Gobe Glenda C, Coombes Jeff S, Fassett Robert G, Endre Zoltan H
a 1 The University of Queensland, Translational Research Institute, School of Medicine, Centre for Kidney Disease Research , Woolloongabba 4102, Australia +61 7 34 43 80 11 ; +61 7 34 43 77 79 ;
b 2 The University of Queensland, School of Human Movement Studies, Exercise and Oxidative Stress Group , St Lucia, Brisbane 4072, Australia.
Expert Opin Drug Metab Toxicol. 2015;11(11):1683-94. doi: 10.1517/17425255.2015.1083011. Epub 2015 Sep 7.
This article addresses general biomarkers of drug-induced acute kidney injury (AKI) and their application in development and progression of AKI in the adult. It also highlights some clinical benefits, but also uncertainties, of biomarker use.
Drug-induced AKI is traditionally diagnosed by monitoring serum creatinine (SCr), blood urea nitrogen and albuminuria. The sensitivity of these measures is, however, limited to well-established AKI. Application of selected biomarkers for early diagnosis of drug-induced AKI may inform on progression of AKI and alert clinicians to adopt renoprotective strategies at the earliest times. Novel biomarkers, accepted for early detection of drug-induced AKI (kidney injury molecule-1, neutrophil gelatinase-associated lipocalin and N-acetyl-β-d-glucosaminidase), may be useful additions in panels of biomarkers. Clinical biomarkers of cell cycle arrest, tissue inhibitor of metalloproteinase-2 and insulin-like growth factor binding protein 7 show promise but need further validation in clinical trials.

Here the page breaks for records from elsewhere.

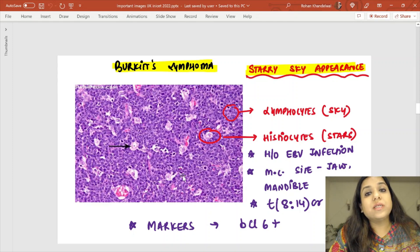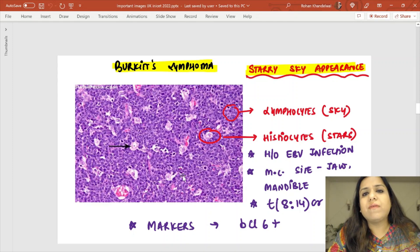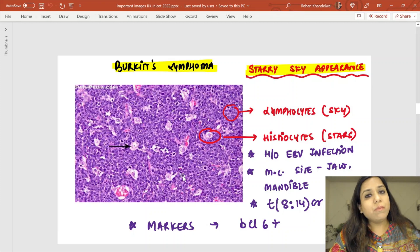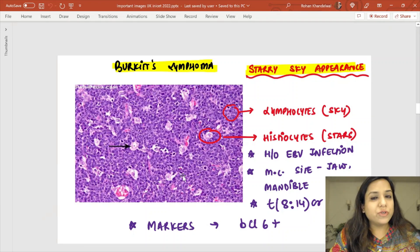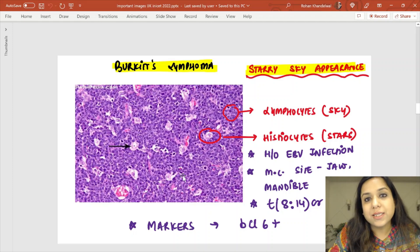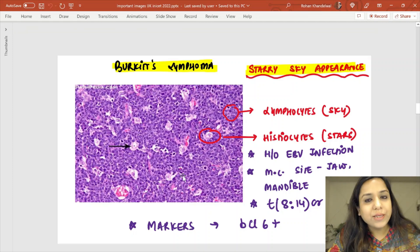Burkitt lymphoma also has a very high proliferation index. The marker for proliferation index is Ki-67.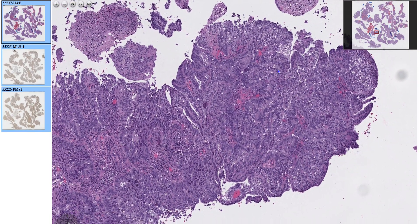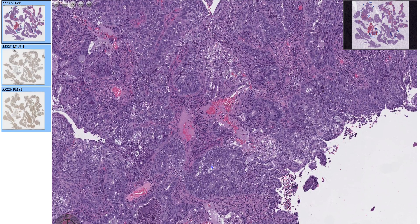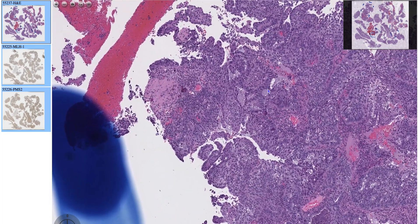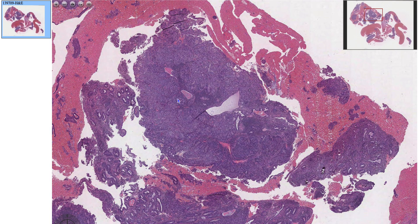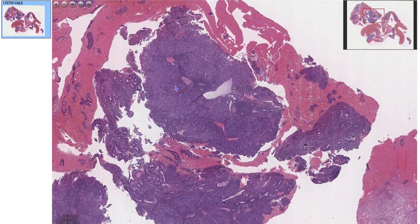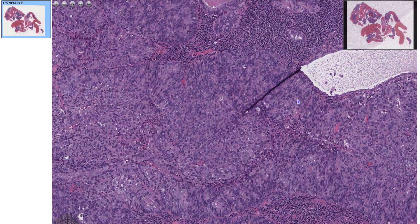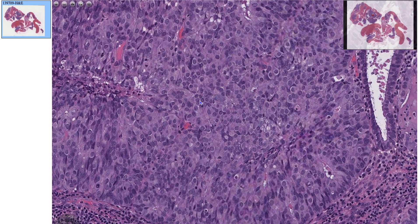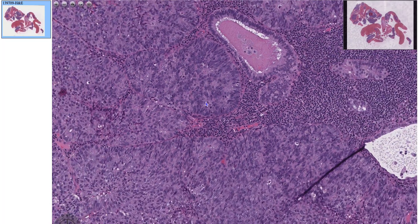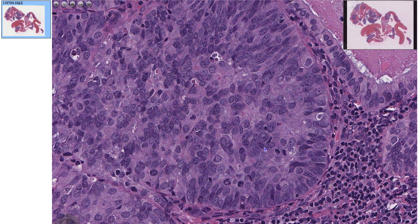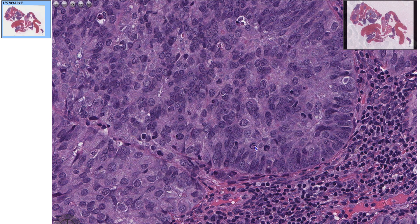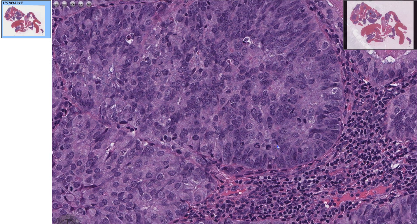Here's another area of endometrioid endometrial carcinoma with a little bit of solid growth and maybe a little bit of cribriforming. Now for FIGO grade 3 — from low power this looks like stroma, but as you zoom in, this is all epithelium. More than 50% of this is solid, non-squamoid growth, so this was considered FIGO grade 3. Here you can also see mitotic figures back to back, so it's highly active.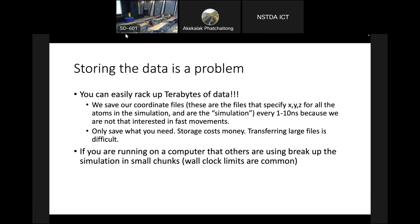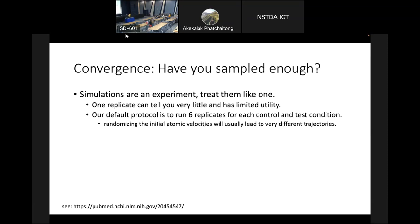When using shared computer clusters, it makes sense to break your production runs into small chunks. If you're planning to run for 10 microseconds, don't do one run — break it up into half-microsecond or microsecond pieces. That way you won't monopolize resources and frustrate other users by occupying the cluster for months on end.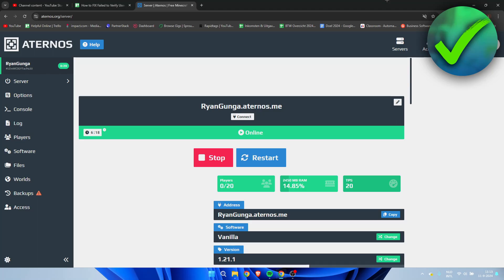How to fix fail to verify username Minecraft server Aternos. Well, that's what I'm going to show you guys in this super quick and easy tutorial. So if this video has helped you out, please let me know in the comments or simply just leave a like so I actually know that this video has helped you out.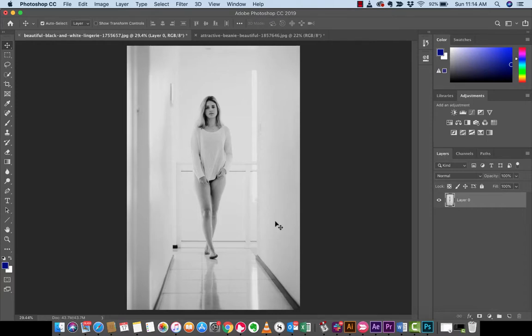Hello everybody, welcome back to another Adobe Photoshop CC 2019 tutorial. This one, I'm going to show you how to create your own unique filter or filter type look using fill gradients, so like a gradient layer.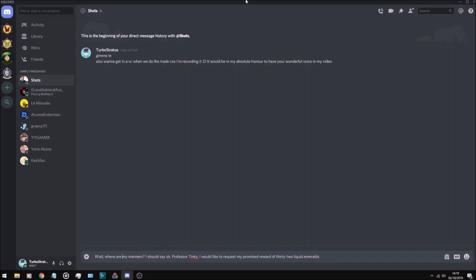Wait, where are my manners? I should say: Sir Professor Tinky, I would like to request my promised reward of 32 liquid emeralds, sensei.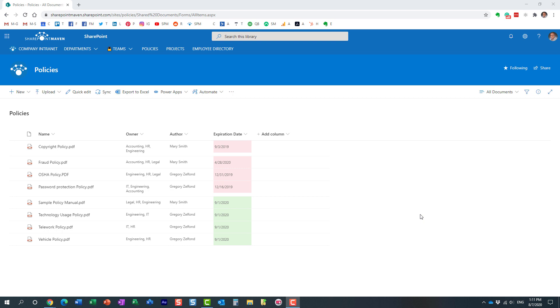Hello, this is Greg from SharePoint Maven. In today's video I would like to explain how you can utilize the audience targeting feature on the highlighted content web part in SharePoint Online.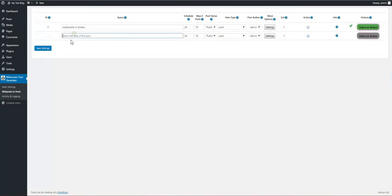Okay, let's create another rule. This time let's say I want to use Hungary.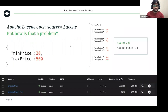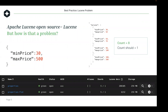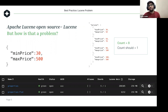ElasticSearch is built on Apache Lucene. In Lucene terminology, what you'd call a row in a relational database like PostgreSQL or MySQL is called a Lucene document. The database itself is called an index. I'll keep it simple and call them rows and tables to avoid confusion.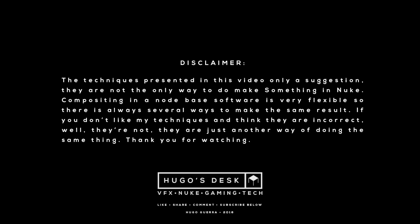The techniques presented in this video are only a suggestion. They're not the only way of making something in Nuke. Compositing in a node-based software is very flexible, so there are always several ways of making the same result. If you don't like my techniques and think they are incorrect, well, they're not. They're just another way of doing the same thing.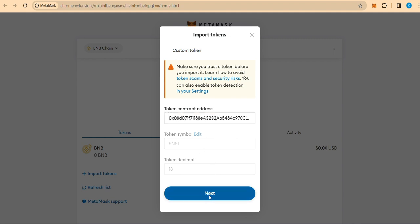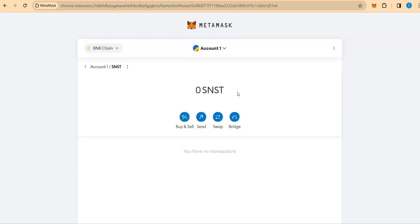Step 6. Confirmation. Click on Next, or the confirmation prompt, to proceed with adding SNST to your Metamask wallet. Confirm the addition by clicking Import.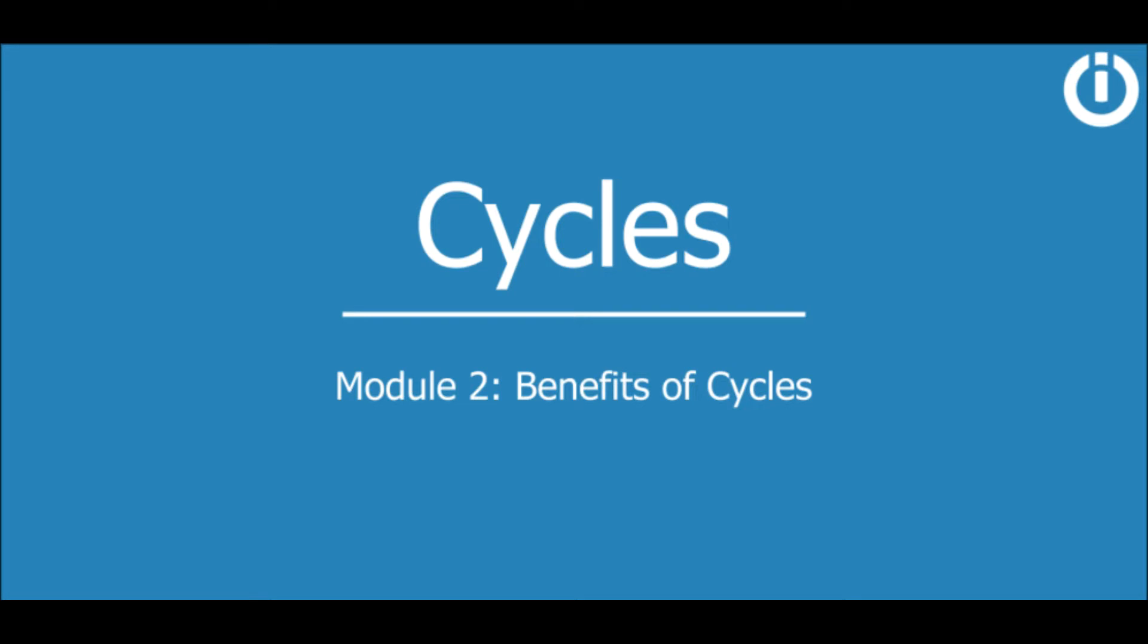Hey everyone, welcome to the second module of the course on Cycles. Being acquainted with the fundamentals of cycles is a prerequisite for this lesson. It is highly recommended that you watch the introductory lesson of this course before proceeding.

Traditional parameters, such as SCr, provide some guidance for functional decline in drug-induced AKI but early, more sensitive, affordable, clinically acceptable, biomarkers of kidney dysfunction are needed. Basic biological understanding of AKI will improve with high-throughput methodologies such as proteomics and metabolomics, and this should lead to identification and usage of novel biomarkers. Ultimately, a combination of biomarkers indicating kidney dysfunction and damage is likely to be required.
本文探讨药物性急性肾损伤(AKI)的一般生物标志物及其在成人AKI发生和发展中的应用。文章还强调了生物标志物应用的一些临床益处,但也指出了其不确定性。
传统上,药物性AKI通过监测血清肌酐(SCr)、血尿素氮和蛋白尿来诊断。然而,这些指标的敏感性仅限于已确诊的AKI。应用特定生物标志物早期诊断药物性AKI,可能有助于了解AKI的进展情况,并提醒临床医生尽早采取肾脏保护策略。用于早期检测药物性AKI的新型生物标志物(肾损伤分子-1、中性粒细胞明胶酶相关脂质运载蛋白和N-乙酰-β-D-氨基葡萄糖苷酶),可能是生物标志物组合中的有用补充。细胞周期停滞、金属蛋白酶组织抑制剂-2和胰岛素样生长因子结合蛋白7的临床生物标志物显示出前景,但需要在临床试验中进一步验证。
传统参数如SCr,为药物性AKI的功能衰退提供了一些指导,但需要早期、更敏感、经济实惠且临床可接受的肾功能障碍生物标志物。借助蛋白质组学和代谢组学等高通量方法,对AKI的基本生物学认识将得到提高,这应该会带来新型生物标志物的识别和应用。最终,可能需要一组指示肾功能障碍和损伤的生物标志物组合。